Ok so my husband and I have had a lot of issues the past 8 months. We've had a lot of ups and downs which some of which I thought we were past. He would jump down my throat for dwelling on the past but yet he was doing the same in another way. He was dwelling on the fights and believes that this marriage isn't salvageable. I think it is if we would go to counseling. He says that counseling won't work and that he wants a divorce. I have been staying with my mother and he keeps the kids with him willingly. I found out today that he is more concerned about how he feels about himself. He says he hates himself because he can never make anyone happy (i.e me, or his family- they don't spend time with him).
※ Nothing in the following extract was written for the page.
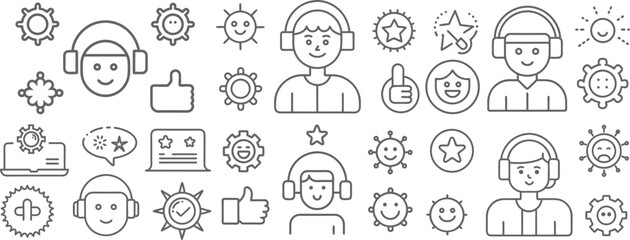 Collection of line art icons representing customer service feedback and positive experiences with smiling faces and gears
This is his exact words: "I’m sorry. I want to be alone. I have come to the realization that I hate myself when I can’t make other people happy. So to avoid that, I need to be alone. I don’t want counseling. I’m sorry gin. This is where I want to be." I don't want him to feel this way, I want him to be happy. I know being alone will only depress him more and it's why I think he should go to counseling. I want him to love himself again and accept the love I have for him. I know I can't make him go but how do I deal with this heartache I have from him wanting to get a divorce when I feel like things can get better if we went to counseling. I feel like I am failing if I don't at least try to make it work even though it's him that doesn't want it. How do I live with this decision of his? I feel helpless because I don't want it. I wish he would understand how much I love him and just try. I want to help him but he won't let me. How do I handle feeling so helpless?